WHAT THE TASK REQUIRES: Below, find the line containing "As you can know, Ola" and the line containing "Then I picked"; reproduce exactly those two and every line between them, omitting pictures.

MATERIAL PROVIDED:
□ □ □ □ □ □ □

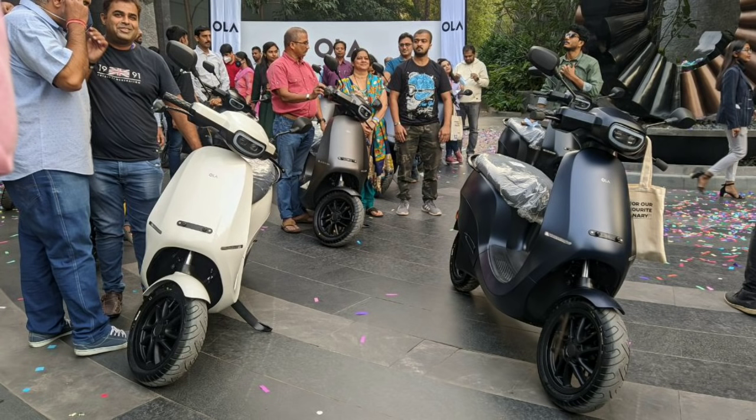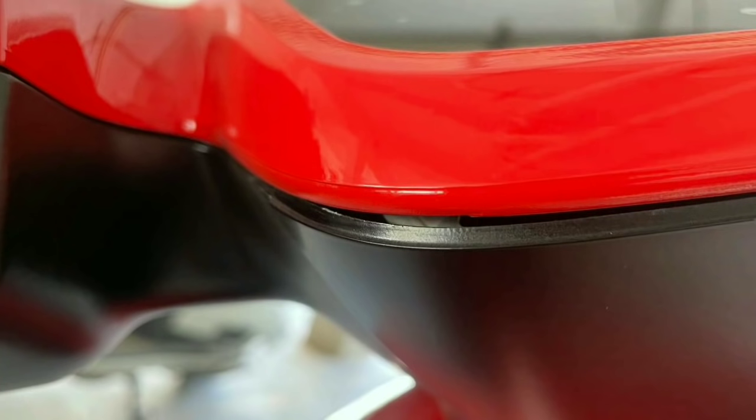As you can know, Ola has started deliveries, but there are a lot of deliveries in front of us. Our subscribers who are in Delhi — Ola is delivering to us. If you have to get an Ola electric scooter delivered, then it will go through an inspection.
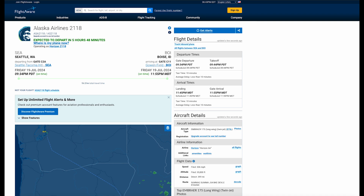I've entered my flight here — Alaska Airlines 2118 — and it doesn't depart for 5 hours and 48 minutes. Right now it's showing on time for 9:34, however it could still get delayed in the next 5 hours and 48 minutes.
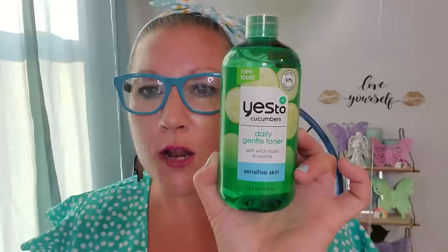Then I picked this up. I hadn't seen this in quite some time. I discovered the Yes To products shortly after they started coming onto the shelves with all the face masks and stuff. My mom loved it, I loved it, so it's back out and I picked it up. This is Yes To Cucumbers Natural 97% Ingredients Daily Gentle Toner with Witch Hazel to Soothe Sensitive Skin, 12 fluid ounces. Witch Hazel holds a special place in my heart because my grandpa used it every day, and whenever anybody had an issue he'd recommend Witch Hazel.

□ □ □ □ □ □ □

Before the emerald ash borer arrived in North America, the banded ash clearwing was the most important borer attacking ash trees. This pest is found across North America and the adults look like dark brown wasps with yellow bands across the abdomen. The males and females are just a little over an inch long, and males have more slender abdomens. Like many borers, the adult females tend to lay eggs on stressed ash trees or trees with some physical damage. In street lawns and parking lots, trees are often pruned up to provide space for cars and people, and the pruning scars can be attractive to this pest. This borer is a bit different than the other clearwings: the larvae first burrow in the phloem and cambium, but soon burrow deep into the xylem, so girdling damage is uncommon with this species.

□ □ □ □ □ □ □

OUTPUT:
As you can know, Ola has started deliveries, but there are a lot of deliveries in front of us. Our subscribers who are in Delhi — Ola is delivering to us. If you have to get an Ola electric scooter delivered, then it will go through an inspection.
I've entered my flight here — Alaska Airlines 2118 — and it doesn't depart for 5 hours and 48 minutes. Right now it's showing on time for 9:34, however it could still get delayed in the next 5 hours and 48 minutes.
Then I picked this up. I hadn't seen this in quite some time. I discovered the Yes To products shortly after they started coming onto the shelves with all the face masks and stuff. My mom loved it, I loved it, so it's back out and I picked it up. This is Yes To Cucumbers Natural 97% Ingredients Daily Gentle Toner with Witch Hazel to Soothe Sensitive Skin, 12 fluid ounces. Witch Hazel holds a special place in my heart because my grandpa used it every day, and whenever anybody had an issue he'd recommend Witch Hazel.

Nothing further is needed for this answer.